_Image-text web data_
--- START ---

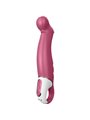 Satisfyer - Vibratore Vaginale Petting Hippo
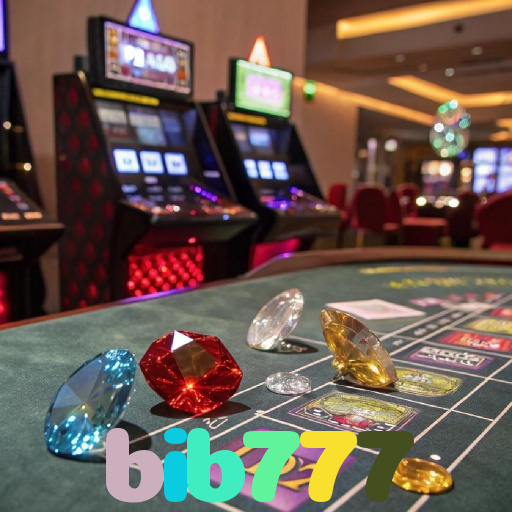 bib777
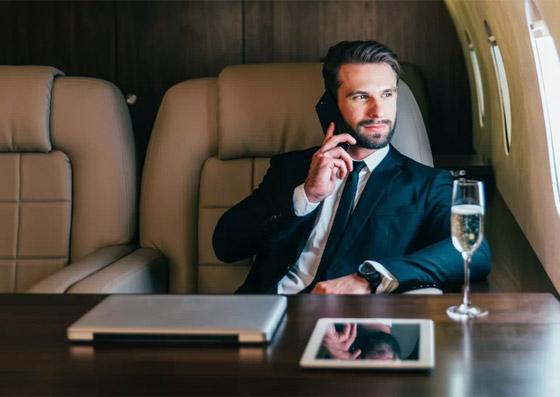 الصين الخاسر الأكبر وأستراليا الرابح الأكبر.. 122 ألف مليونير مهاجر في 2023 صورة رقم 11 الصين الخاسر الأكبر وأستراليا الرابح الأكبر.. 122 ألف مليونير مهاجر في 2023 صورة رقم 11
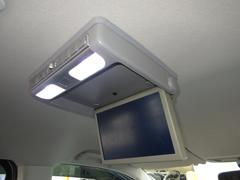 ѤΥ˥ĤƤޤä˾Ҥư֤ӡƥӤģ֣Ĥʤɤڤޤߤʤǥ磻磻ڤɥ饤֤Ǥͤ 5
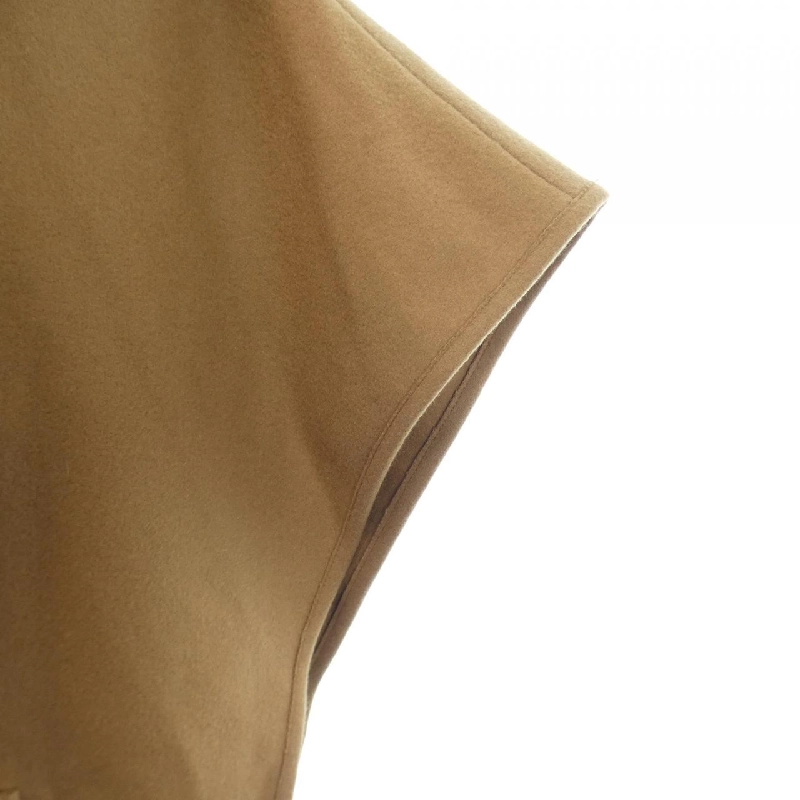 【Mã giảm giá】Áo choàng ASTRAET 633990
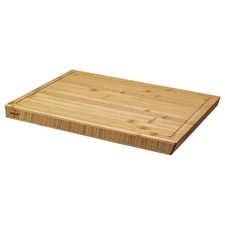 Ikea aptitlig butcher for sale  LONDON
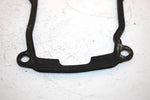 16 Can-am Outlander L Max 450 Efi Dps Oem Valve Cover Gasket 420630260 AB5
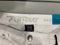 7GROOVE SLIM JEANS - SIZE: MEN 34X32 - WHITE - Brand New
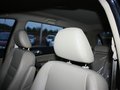 哈弗H6 2012款 哈弗H6 1.5T MT 两驱精英型图片
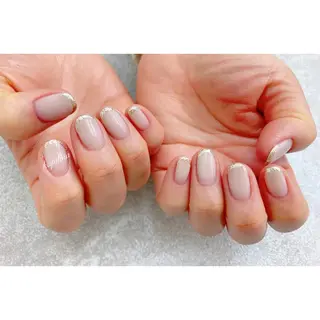 ショート kapilina salonの眉毛・アイブロウイメージ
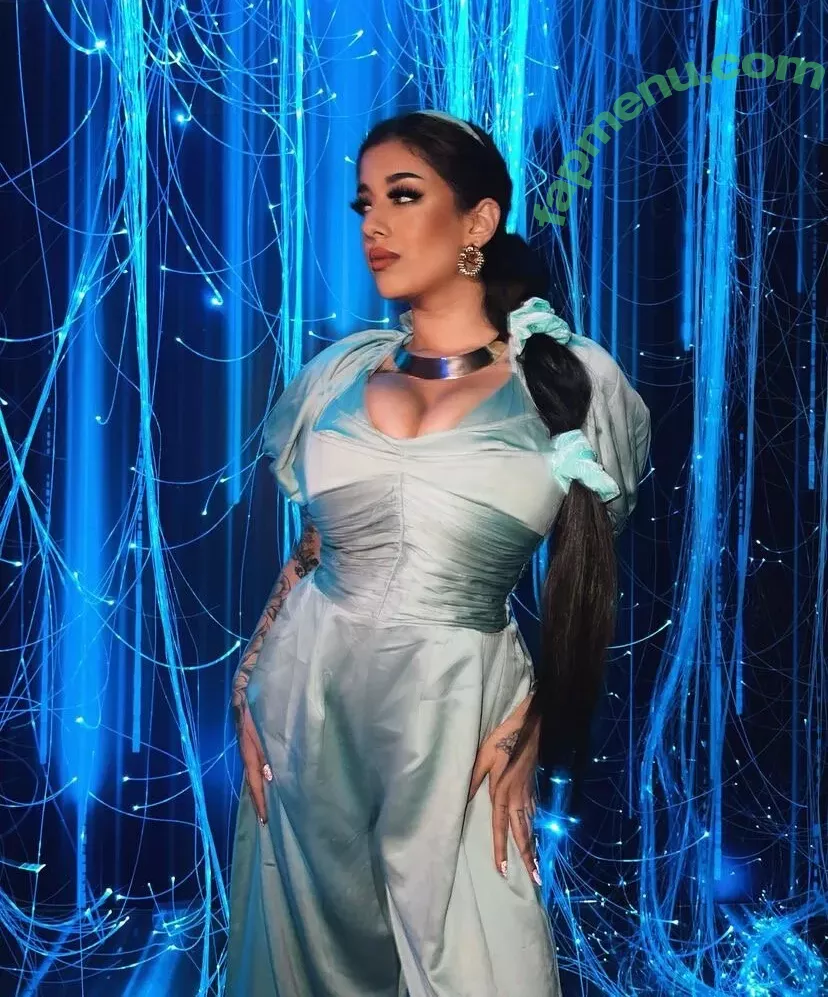 May Bakshi nude photo #0427 (maybakshi_)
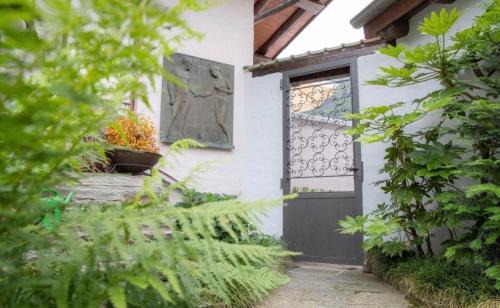 Aurigeno Apartment | Casa San Cristoforo Studio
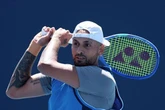 BBC Wimbledon pundit line-up announcement made - but three big names will be missing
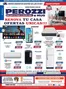 Catálogo Perozzi | Catalogo de ofertas | 2026-09-23T00:00:00.000Z - 2026-09-30T00:00:00.000Z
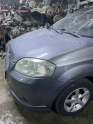CHEVROLET AVEO SAĞ SOL FAR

--- END ---

_TASK STATEMENT_
Your answer must be an exact copy of the lines above, from the line that contains "BBC Wimbledon pundit" through the final line, with no pictures in it.

_RESPONSE AREA_
 BBC Wimbledon pundit line-up announcement made - but three big names will be missing
 Catálogo Perozzi | Catalogo de ofertas | 2026-09-23T00:00:00.000Z - 2026-09-30T00:00:00.000Z
CHEVROLET AVEO SAĞ SOL FAR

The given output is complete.